# Packard's Special Dressing



## CanadianBottles (Feb 22, 2015)

Does anyone know anything about this bottle I found last summer?  It has some of the crudest embossing I've ever seen.  Looks like someone's first attempt at cutting a mold.  All the S's are backwards and "Special" has letters that get smaller and more crammed together as they approach the end, like the cutter didn't plan the size of the letters properly.  I know it's shoe dressing and I think it's a Canadian product but I haven't been able to find any more information about it.


----------



## botlguy (Feb 22, 2015)

It does not seem to appear in Betty Zumwalt's book so it very well be U.K. or Canadian manufactured.     Jiim


----------



## mctaggart67 (Feb 22, 2015)

Montreal.


----------



## cowseatmaize (Feb 23, 2015)

Yup, they set up a factory in Stoughton Mass also.
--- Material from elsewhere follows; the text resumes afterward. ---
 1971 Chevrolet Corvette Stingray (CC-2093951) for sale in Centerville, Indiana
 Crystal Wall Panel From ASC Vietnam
I've seen some of them.They were big, just search L.H. Packard CoFROM[attachment=Clipboard03.jpg]


----------



## CanadianBottles (Feb 23, 2015)

Wow I've got to get better at Google searching, haha!  Thanks everyone!


----------



## deenodean (Feb 24, 2015)

I have found a few shards of later models here in Nova Scotia , my research also led me to it being out of Montreal.


----------